Híbrida, liminar, intermédia Uma outra característica da performance está bem patente no termo live art de origem britânica e teatral. Esta é tanto uma atitude como uma prática performativa, recusa-se a ser classificada através da descrição ou prescrição e é híbrida funcionando entre formas e esquemas reconhecíveis (Kaye, 1994:87). Susan Broadhurst prefere usar o liminar (termo que adoptou de Turner, 1982) para falar da performance que se encontra na fronteira do que é possível (1999:12). «As características estéticas quintenessenciais do liminar parecem ser a hibridização, a indeterminância, uma falta de aura e o colapso da distinção hierárquica entre cultura erúdita e popular» (Broadhurst, 1999:1). Janet Murray usou o mesmo termo em relação aos computadores enquanto objectos liminares localizados na fronteira entre a realidade externa e as nossas mentes (1997:99). Numa migração semelhante o termo intermédia (intermedial) aplicado primeiramente ao computador surge no teatro como um «ponto de encontro entre os performers, os observadores e a confluência de meios envolvidos AVANCA | CINEMA 2012

295

na performance num particular momento no tempo… um espaço onde as fronteiras se dissolvem» (Chapple e Kattenbelt, 2006:16). É nestes espaços liminares e intermédia que surgem novos géneros híbridos como a ciberformance. É, pois, partindo deste paradigma híbrido que se desenvolve a nossa abordagem ao tema da performance em mundos virtuais. Esta performance híbrida inclui, assim, todo o trabalho ao vivo em que uma acção é performada com uma intenção, para além da vida quotidiana e testemunhada por um espectador. Ou seja, a performance que nos interessa aqui abordar é aquela em que a experiência é activada e partilhada em tempo real por uma audiência que pode estar presente física e/ou virtualmente (Jamieson, 2008:23).

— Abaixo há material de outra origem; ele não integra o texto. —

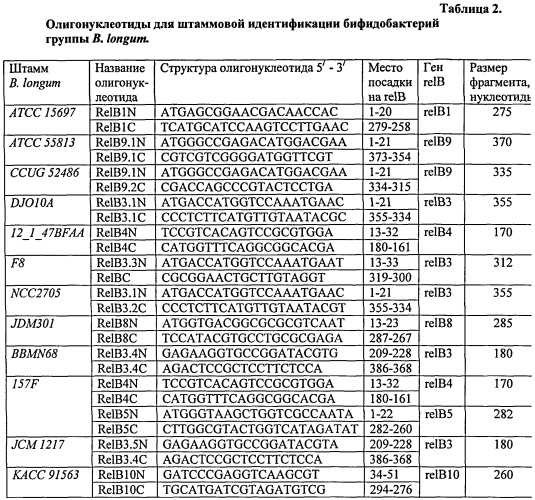 Способ видовой и штаммовой идентификации бифидобактерий филотипа bifidobacterium longum (патент 2527069)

Performance versus tecnologia Mathew Causey em Theatre and Performance in Digital Culture reclama uma teoria expandida sobre a performance que consiga reflectir sobre as questões dos media digitais, da realidade virtual, e da ciber-performance e teatro (2006:51). Uma consequência do impacto da revolução digital operada a partir dos anos 80 no teatro, na dança e na performance e que levou ao surgimento de uma produção intelectual sobre o assunto (McLuhan, 2001; Lévy, 1998; Turkle, 1995; Birringer, 1998; Bruns, 2008, entre muitos outros). Steve Dixon relembra que o teatro sempre se apropriou das novas tecnologias e defende que o teatro digital pode ser visto como o teatro que incorporou as tecnologias digitais (2007:40). Para além do surgimento da performance digital e da sua expansão para a internet e mundos virtuais cumpre-nos salientar duas características desta relação: o facto de ser em rede e de acontecer no que podemos chamar de hipersuperfície.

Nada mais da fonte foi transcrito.